In the past six months everything came down around my feet … and I mean everything: I became pregnant, I had a miscarriage, left my marriage, sold my home, moved, had my heart broken …
And I am fine. I am exhausted and raw – but I am fine.
What have I learned?
that happiness is a choice, always
that sometimes conflict is an act of peace
that sometimes leaving is an act of love
and that things fall apart
As the wise and beautiful Pema Chodron once said,
‘the truth is that things don’t really get solved. They come together and they fall apart. Then they come together again and fall apart again. It’s just like that. The healing comes from letting there be room for all this to happen: room for grief, for relief, for misery, for joy.’
Everything moves and changes and shifts this way and that. Such is life. But can we make room for the changes to occur? We are all so afraid of things falling apart that we hold on tightly. I realized that I had to let go.
We run from change, just like we run from our death – when instead we need to be turning towards our life, the one that is standing right in front of us. Often it is uncomfortable but it is ours and that is where the beauty can be found.

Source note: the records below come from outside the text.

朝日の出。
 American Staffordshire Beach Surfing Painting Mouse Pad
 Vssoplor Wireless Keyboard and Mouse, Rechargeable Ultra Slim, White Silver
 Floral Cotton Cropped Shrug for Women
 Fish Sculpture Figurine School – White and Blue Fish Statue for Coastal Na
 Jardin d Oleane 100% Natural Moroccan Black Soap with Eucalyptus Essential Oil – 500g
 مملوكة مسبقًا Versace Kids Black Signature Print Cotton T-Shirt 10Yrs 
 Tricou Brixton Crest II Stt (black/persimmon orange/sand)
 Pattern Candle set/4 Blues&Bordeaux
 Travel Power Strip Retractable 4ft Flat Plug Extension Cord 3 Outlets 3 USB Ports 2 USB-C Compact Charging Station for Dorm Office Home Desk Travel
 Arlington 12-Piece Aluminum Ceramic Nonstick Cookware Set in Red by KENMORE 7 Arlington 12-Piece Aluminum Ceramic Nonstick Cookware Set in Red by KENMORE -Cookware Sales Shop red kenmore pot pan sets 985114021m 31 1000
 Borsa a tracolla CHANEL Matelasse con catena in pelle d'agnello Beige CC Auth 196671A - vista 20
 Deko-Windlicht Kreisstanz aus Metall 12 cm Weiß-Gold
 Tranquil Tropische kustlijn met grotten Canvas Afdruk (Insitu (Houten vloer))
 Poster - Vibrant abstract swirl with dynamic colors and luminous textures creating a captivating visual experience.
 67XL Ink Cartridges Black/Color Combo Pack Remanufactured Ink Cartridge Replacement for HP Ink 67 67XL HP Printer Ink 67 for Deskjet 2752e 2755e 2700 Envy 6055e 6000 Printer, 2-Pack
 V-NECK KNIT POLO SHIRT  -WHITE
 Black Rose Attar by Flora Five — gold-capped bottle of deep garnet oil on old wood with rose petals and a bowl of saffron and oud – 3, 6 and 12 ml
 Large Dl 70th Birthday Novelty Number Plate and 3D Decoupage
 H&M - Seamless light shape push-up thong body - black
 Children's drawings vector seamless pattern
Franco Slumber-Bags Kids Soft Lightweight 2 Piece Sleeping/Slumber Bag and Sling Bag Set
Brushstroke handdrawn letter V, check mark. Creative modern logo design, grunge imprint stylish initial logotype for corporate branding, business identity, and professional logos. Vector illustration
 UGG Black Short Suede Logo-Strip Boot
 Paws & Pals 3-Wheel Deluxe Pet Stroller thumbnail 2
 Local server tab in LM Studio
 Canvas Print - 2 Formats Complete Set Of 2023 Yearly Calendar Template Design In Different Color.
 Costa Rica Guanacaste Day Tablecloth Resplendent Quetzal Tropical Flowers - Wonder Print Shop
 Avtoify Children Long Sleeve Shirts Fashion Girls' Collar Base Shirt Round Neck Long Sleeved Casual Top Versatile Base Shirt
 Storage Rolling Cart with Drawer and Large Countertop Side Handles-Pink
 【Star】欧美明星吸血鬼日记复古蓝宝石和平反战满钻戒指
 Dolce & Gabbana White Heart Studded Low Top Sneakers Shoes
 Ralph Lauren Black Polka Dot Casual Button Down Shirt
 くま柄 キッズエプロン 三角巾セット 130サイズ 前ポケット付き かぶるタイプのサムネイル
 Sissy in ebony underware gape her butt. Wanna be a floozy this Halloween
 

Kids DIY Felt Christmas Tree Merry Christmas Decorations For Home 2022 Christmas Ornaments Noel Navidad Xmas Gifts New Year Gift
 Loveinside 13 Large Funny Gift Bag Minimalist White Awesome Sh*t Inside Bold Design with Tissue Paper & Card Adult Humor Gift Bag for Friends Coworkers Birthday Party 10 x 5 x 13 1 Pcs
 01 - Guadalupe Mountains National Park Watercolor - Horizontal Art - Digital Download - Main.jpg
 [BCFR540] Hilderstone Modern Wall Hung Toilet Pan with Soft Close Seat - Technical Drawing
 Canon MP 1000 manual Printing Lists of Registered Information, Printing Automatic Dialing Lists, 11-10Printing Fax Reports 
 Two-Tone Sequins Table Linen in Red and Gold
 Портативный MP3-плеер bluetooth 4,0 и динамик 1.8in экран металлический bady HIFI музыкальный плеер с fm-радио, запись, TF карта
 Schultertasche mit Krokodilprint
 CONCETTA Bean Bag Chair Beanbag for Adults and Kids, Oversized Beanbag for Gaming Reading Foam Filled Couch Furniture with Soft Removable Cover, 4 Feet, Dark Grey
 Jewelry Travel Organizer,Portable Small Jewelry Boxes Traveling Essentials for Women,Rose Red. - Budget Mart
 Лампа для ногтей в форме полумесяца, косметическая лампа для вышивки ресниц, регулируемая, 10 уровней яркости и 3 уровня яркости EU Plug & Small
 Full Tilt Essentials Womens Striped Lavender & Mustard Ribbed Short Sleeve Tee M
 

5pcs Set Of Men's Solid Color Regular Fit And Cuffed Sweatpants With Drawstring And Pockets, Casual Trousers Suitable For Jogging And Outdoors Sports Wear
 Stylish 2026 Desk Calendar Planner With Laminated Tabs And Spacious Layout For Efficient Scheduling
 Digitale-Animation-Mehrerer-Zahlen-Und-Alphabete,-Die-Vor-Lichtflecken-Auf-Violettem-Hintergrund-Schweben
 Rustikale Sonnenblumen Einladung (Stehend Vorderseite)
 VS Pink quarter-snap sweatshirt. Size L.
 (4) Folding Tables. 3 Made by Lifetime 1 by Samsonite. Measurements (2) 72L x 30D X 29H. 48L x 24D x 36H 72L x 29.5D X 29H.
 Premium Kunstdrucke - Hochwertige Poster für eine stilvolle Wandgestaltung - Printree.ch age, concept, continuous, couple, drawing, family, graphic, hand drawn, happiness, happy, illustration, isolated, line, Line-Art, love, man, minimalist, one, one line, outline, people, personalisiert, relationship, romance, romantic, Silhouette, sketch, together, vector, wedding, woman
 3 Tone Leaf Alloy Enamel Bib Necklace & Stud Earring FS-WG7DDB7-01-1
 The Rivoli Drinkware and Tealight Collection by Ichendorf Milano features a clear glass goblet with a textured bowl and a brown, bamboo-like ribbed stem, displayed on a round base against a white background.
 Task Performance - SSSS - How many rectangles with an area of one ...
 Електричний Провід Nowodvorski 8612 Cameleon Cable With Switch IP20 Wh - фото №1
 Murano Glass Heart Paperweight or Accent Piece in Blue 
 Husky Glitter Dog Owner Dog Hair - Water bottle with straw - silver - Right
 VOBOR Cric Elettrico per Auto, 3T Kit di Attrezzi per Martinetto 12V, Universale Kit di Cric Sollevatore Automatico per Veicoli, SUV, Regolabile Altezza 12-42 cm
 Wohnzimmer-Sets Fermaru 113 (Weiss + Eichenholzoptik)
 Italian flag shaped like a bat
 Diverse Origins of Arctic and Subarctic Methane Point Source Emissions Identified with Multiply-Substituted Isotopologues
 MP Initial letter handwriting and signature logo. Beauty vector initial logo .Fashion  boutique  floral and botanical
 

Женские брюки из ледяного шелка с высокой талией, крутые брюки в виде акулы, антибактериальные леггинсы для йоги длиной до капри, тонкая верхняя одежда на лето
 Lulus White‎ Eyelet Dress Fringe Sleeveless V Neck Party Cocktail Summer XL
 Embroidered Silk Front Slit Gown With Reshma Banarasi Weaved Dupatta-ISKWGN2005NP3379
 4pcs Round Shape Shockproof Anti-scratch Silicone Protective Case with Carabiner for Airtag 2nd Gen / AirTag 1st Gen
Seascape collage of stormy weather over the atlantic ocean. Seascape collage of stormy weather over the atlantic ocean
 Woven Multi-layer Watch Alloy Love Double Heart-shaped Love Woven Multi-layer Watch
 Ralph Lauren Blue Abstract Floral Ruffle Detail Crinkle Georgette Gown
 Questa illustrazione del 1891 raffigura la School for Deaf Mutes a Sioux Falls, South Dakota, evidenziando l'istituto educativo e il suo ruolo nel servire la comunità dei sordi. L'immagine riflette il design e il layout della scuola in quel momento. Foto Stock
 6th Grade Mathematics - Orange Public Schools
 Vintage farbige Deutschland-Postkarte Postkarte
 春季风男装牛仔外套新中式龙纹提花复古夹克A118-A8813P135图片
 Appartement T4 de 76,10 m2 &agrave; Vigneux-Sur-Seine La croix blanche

What this experience has reminded me of is that underneath all of the upheaval there is a place that is steady and strong and it is within us all. I promise. But this place is subtle and quiet and we have to get very still if we are to find it.
It has been difficult for me to remain still. The pull has been so powerful, the undertow tugging at my feet. When everything around me is spinning so wildly, it is hard to trust the stillness. But I have had this voice whispering in my ear.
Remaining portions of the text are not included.